Comunidade Brejo do Miguel sofre ataque no Cerrado Piauiense

No dia 2 de outubro de 2019, a Comunidade Brejo do Miguel, no município de Gilbués, sul do estado do Piauí, território tradicional ribeirinho brejeiro, foi novamente invadida por grileiros da região.

Campanha Nacional em Defesa do Cerrado com informações da CPT no Piauí

A invasão ocorreu em uma área de roça no toco e solta de animais que é utilizada há cerca de três gerações pela comunidade. Parte do cercamento que havia sido construído pela comunidade foi destruído por sete jagunços com o uso de motosserras. Estes foram avistados em trabalho por famílias da região e agentes da Comissão Pastoral da Terra (CPT), que encaminharam o flagrante ao Ministério Público Federal na cidade de Corrente (PI).

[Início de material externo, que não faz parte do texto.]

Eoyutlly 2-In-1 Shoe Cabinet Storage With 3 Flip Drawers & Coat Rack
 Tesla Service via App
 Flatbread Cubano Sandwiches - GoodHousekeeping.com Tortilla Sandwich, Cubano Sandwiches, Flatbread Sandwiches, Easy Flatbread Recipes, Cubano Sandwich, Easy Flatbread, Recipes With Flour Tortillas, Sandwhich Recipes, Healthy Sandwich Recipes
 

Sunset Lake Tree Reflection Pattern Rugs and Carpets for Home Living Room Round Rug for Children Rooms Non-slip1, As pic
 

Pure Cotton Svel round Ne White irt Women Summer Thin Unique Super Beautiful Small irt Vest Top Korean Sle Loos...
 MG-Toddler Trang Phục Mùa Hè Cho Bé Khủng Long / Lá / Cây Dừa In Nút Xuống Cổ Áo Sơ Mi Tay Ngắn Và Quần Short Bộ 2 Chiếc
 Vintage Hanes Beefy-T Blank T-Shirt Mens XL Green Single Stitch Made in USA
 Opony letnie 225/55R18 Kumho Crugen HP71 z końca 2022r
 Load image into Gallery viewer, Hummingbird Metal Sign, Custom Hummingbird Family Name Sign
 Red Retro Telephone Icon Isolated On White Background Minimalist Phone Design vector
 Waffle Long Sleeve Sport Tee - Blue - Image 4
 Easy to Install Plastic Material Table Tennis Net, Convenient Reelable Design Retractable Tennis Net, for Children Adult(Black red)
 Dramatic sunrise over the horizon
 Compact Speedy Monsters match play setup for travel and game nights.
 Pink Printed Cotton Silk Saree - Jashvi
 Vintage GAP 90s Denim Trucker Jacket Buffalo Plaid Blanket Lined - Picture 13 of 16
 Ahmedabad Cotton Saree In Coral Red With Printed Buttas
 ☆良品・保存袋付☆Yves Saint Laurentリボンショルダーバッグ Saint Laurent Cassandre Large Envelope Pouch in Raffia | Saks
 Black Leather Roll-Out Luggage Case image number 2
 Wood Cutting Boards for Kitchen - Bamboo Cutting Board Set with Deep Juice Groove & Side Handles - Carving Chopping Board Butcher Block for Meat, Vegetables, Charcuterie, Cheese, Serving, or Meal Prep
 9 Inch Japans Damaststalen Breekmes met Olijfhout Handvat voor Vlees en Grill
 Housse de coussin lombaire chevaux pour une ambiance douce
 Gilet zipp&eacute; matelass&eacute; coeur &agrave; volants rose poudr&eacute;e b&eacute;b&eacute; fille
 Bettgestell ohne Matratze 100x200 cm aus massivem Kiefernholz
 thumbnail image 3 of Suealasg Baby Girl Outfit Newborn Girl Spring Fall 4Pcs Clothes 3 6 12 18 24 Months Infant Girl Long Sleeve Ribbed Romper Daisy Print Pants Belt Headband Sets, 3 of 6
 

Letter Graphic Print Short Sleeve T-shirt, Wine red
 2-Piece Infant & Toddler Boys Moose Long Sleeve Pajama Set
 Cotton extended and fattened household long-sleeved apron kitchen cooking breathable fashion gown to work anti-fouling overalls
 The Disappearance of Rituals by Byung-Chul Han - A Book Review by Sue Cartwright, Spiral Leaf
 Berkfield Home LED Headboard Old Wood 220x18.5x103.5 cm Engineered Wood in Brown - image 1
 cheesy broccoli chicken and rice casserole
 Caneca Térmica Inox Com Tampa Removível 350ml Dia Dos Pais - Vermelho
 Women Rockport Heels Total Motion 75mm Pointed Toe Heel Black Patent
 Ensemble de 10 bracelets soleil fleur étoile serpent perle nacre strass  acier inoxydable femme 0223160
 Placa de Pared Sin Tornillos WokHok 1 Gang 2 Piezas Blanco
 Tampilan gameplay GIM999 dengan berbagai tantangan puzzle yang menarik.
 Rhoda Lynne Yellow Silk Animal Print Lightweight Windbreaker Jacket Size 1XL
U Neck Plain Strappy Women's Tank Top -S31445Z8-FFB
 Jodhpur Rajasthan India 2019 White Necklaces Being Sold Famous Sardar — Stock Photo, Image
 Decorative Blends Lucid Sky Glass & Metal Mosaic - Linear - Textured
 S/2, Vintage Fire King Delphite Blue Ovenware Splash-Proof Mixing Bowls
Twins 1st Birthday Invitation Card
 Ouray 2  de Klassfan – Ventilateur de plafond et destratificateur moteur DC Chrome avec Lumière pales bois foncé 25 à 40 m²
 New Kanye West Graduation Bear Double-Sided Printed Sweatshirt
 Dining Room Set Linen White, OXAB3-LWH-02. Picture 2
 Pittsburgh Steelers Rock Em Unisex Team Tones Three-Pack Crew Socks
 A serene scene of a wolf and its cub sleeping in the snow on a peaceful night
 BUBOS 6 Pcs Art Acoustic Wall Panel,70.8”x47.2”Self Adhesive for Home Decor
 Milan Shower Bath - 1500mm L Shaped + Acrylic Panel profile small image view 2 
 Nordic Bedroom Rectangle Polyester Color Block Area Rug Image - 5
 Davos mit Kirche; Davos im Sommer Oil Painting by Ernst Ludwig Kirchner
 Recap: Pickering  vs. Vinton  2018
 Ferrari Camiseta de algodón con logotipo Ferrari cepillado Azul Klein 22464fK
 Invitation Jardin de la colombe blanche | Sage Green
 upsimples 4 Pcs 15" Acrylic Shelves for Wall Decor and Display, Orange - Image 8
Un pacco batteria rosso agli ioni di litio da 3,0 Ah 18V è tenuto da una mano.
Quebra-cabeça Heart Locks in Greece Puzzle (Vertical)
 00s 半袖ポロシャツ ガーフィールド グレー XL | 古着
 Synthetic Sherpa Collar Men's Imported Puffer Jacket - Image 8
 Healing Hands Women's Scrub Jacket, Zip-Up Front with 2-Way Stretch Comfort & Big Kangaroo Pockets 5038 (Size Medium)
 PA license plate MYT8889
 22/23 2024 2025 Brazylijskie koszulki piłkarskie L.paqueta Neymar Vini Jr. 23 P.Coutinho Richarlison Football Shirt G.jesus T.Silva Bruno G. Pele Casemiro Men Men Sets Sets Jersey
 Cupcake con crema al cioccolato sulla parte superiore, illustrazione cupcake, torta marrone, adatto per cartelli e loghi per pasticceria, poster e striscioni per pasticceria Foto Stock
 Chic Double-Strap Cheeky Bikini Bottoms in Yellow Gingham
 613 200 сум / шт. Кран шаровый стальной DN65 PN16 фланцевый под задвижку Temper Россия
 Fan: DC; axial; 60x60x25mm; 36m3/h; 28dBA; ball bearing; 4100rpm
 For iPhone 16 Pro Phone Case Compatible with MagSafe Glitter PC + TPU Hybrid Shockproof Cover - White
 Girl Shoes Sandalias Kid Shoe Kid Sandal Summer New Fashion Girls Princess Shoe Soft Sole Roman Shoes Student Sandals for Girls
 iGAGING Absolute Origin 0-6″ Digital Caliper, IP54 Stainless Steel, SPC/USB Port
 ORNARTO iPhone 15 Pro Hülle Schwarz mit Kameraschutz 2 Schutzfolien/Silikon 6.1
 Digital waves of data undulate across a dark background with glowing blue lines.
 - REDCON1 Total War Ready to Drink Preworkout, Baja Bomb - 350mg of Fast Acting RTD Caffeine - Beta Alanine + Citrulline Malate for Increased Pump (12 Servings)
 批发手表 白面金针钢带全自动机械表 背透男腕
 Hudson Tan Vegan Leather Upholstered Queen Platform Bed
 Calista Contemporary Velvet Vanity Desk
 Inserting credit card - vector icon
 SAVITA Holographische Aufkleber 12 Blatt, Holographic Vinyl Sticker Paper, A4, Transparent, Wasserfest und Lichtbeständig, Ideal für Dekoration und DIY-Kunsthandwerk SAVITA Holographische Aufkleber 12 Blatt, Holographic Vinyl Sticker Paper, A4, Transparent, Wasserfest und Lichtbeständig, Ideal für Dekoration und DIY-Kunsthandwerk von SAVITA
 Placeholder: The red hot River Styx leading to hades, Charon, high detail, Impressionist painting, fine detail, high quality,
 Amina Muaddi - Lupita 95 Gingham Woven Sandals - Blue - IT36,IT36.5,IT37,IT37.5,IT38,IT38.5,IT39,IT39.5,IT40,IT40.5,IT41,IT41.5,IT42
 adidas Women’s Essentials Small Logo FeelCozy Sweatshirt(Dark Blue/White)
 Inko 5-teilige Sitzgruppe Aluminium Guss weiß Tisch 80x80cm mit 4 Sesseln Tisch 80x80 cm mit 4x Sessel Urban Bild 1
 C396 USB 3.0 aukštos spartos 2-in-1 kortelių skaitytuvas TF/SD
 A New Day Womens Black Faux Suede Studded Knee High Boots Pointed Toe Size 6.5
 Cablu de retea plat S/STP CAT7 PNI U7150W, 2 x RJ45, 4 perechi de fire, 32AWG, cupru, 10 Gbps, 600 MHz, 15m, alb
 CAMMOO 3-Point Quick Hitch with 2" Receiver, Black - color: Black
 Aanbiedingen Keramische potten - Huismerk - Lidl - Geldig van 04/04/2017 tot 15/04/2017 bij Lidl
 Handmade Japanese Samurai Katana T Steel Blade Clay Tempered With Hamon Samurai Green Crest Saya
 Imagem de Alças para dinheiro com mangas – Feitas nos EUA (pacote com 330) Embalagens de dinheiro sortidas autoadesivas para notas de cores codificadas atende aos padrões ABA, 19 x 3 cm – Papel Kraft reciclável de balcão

A Comunidade situa-se em uma área de difícil acesso e não possui telefonia móvel, dificultando a comunicação e execução das denúncias com rapidez. Moradores relatam frequentes ameaças verbais, como também o impedimento de acesso à algumas áreas de uso comum.

Desde o ano de 2016, a Comunidade vem sendo impactada por grandes empresas como Gás Butano e a Bradesco. O desmatamento tem sido a maior preocupação para a comunidade, já que a retirada do Cerrado e a devastação das áreas de brejo ameaçam os modos de vida e subsistência dos territórios tradicionais da região.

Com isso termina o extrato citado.